Updated: 25/2/26

Ref:

• Functional Analysis lectures by Casey Rodriguez. Lecture on the Closed Graph Theorem. Link to the lecture: Link.

Obs [Product of Banach spaces]

Let ${ B _1 , }$ ${ B _2 }$ be Banach spaces. Then ${ B _1 \times B _2 }$ under

\[{ \lVert (b _1, b _2) \rVert = \lVert b _1 \rVert + \lVert b _2 \rVert }\]

is a Banach space.

Thm [Closed Graph Theorem]

Let ${ B _1 , }$ ${ B _2 }$ be Banach spaces. Let ${ T : B _1 \to B _2 }$ be a linear operator.
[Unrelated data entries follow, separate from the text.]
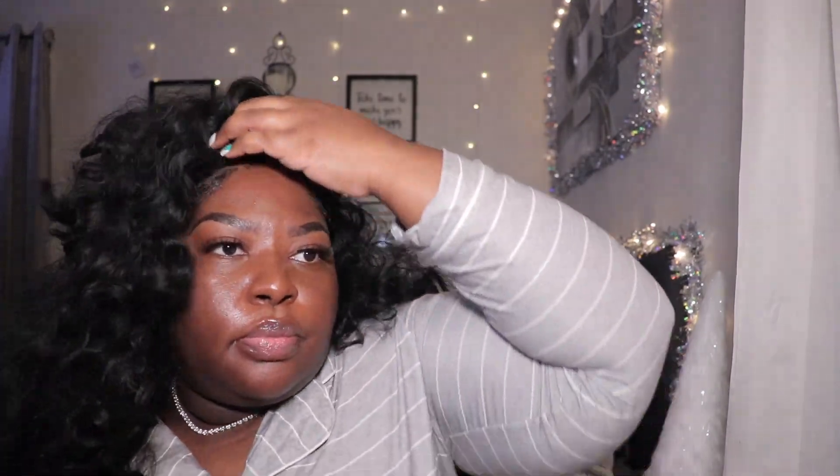As y'all can see right here, I was trying to figure out what the heck I was going to do with this wig. I didn't know if I wanted to do a flip over or whatever, but I figured it out. I finally got it to a place where I liked it, and I also did a viral hairstyle that a lot of the girlies have been doing on TikTok — you guys will see that in the upcoming clips.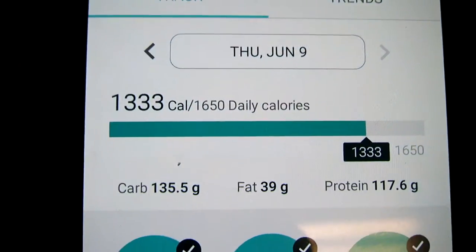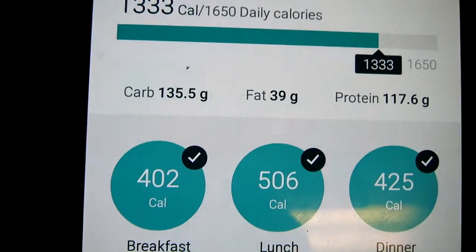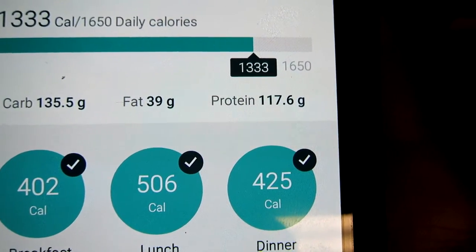Hey guys, it's about 7:30 now so I'm gonna go ahead and show you where I'm at. Got 136 carbs, 39 fat, 117 protein — that's definitely a lot better than usual. I'm gonna have one more meal, it's gonna be rich in protein, and that will be it for the day.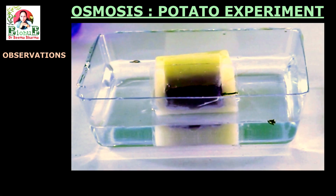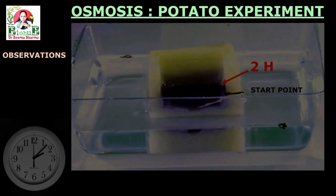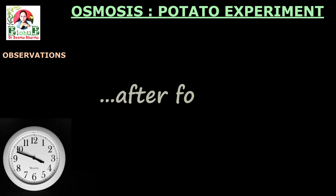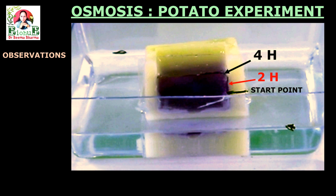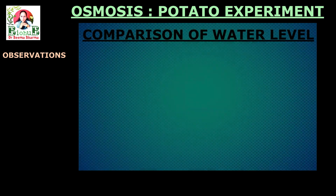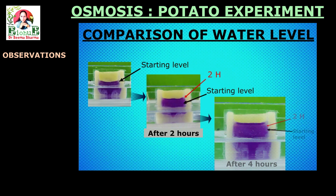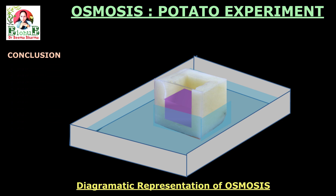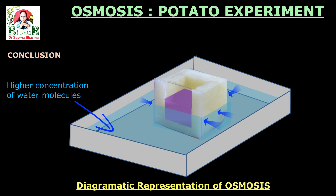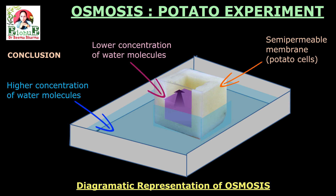2 hours have passed. You can see through the observation window that the level of solution inside the osmometer has risen. After 4 hours, the solution level has risen further. The comparative status of solution level clearly shows inward movement of water from the outside of the osmometer into the cavity of this potato cup. On the basis of these observations, we can conclude that water molecules move from the solution of higher concentration of water molecules through the semi-permeable membrane of potato cells towards the solution with lower concentration of water molecules, due to the process of osmosis.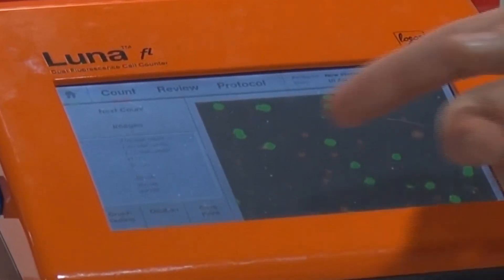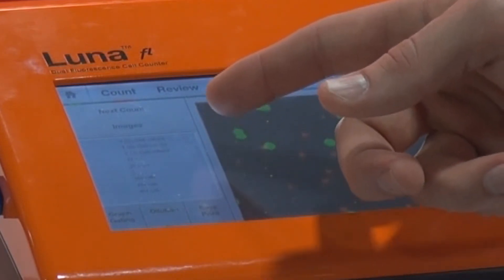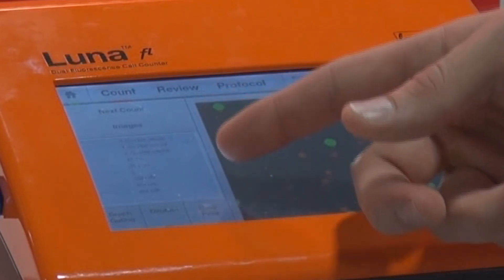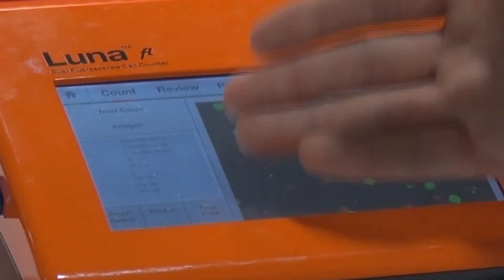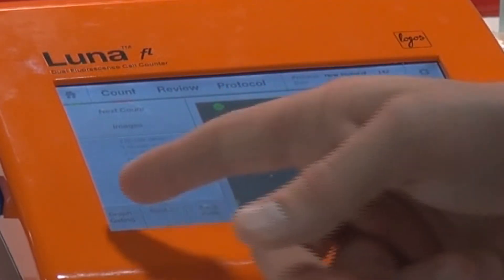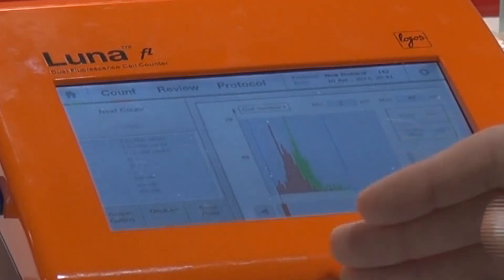After performing the count, the Luna displays all of the information on the left side of the screen, including the total concentration, the concentration of living and dead cells, the viability, the average cell size, as well as the total number of cells counted in the sample. For further analysis, you simply hit the graph and it will display your data in a convenient histogram.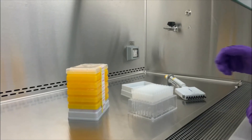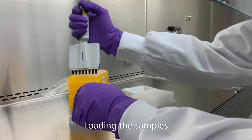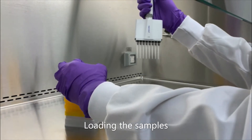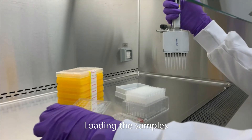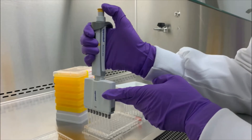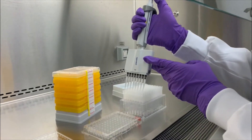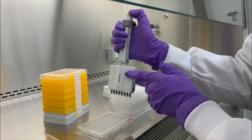Now it's time to add your samples. Transfer 100 microlitres of each sample to each column and allow the sample to enter the resin bed. As the samples travel through the resin, free proteins and small molecules are retained in nano-sized pores within the resin. The larger exosomes pass through more quickly and will elute first.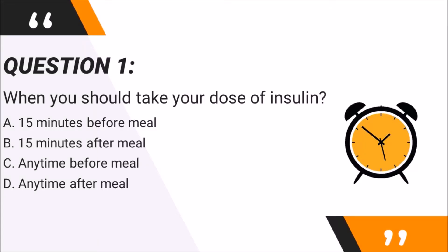Let's recap what we have covered. Question 1: When should you take your dose of insulin? A. 15 minutes before meal. B. 15 minutes after meal. C. Any time before meal. D. Any time after meal. The answer is A — 15 minutes before meal. Humalog Mix 75/25 must be taken 15 minutes before a meal, as insulin needs time to reach its active level in your body. Not eating after injecting will cause unnecessary lowering of blood sugar, risking hypoglycemia, so patients are advised to time themselves after taking their insulin dose.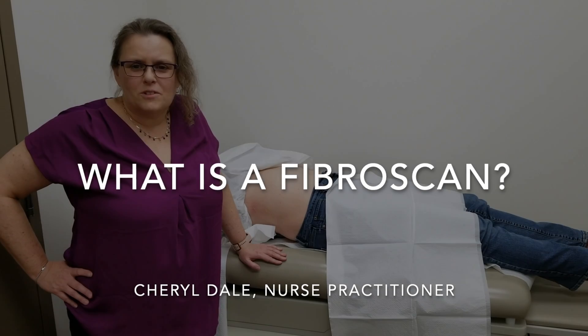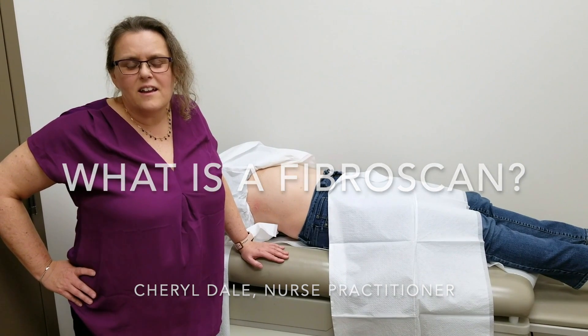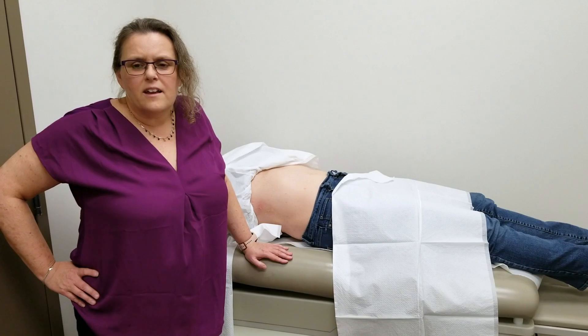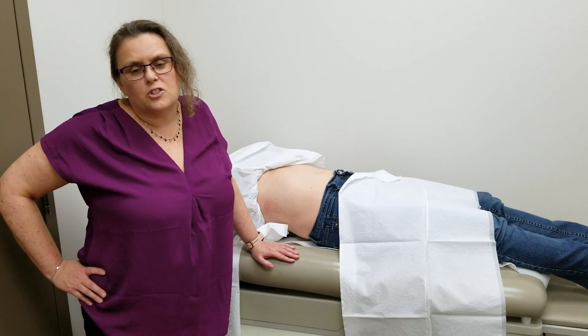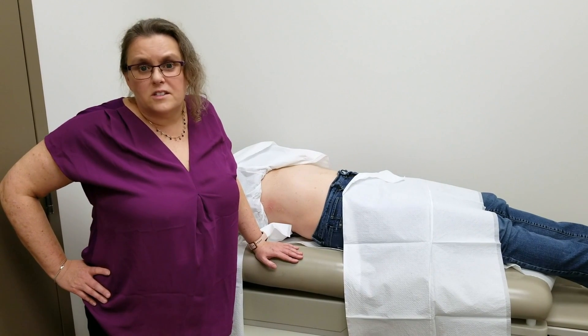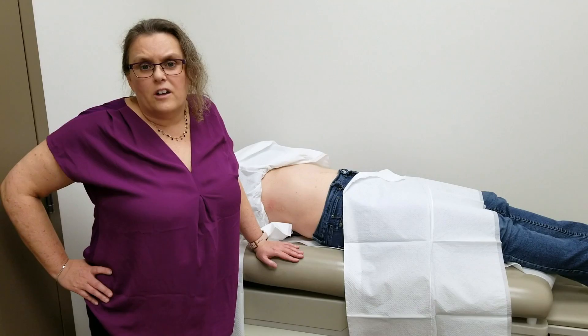I'm here today to demonstrate a FibroScan. Patients often ask questions because they've heard about FibroScan but don't know what it entails, and it may be a scary concept to them. This is just a small demonstration of what it entails, to show them it is a very easy, non-invasive, and painless test that will provide their doctors and nurse practitioners with a lot of valuable information.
Then ${ T \in \mathcal{B}(B _1, B _2) }$ if and only if the graph ${ \Gamma(T) = \lbrace (u, T(u)) : u \in B _1 \rbrace }$ is closed in ${ B _1 \times B _2 . }$

Hence in terms of sequential criteria,

${( \forall u \in B _1 , \quad u _n \to u \implies T(u _n) \to T(u)) }$

is equivalent to

${ (\forall u \in B _1, \quad u _n \to u, T(u _n) \to v \implies v = T(u)) . }$

Pf: ${ \underline{\implies} }$ Clear from the above sequential version.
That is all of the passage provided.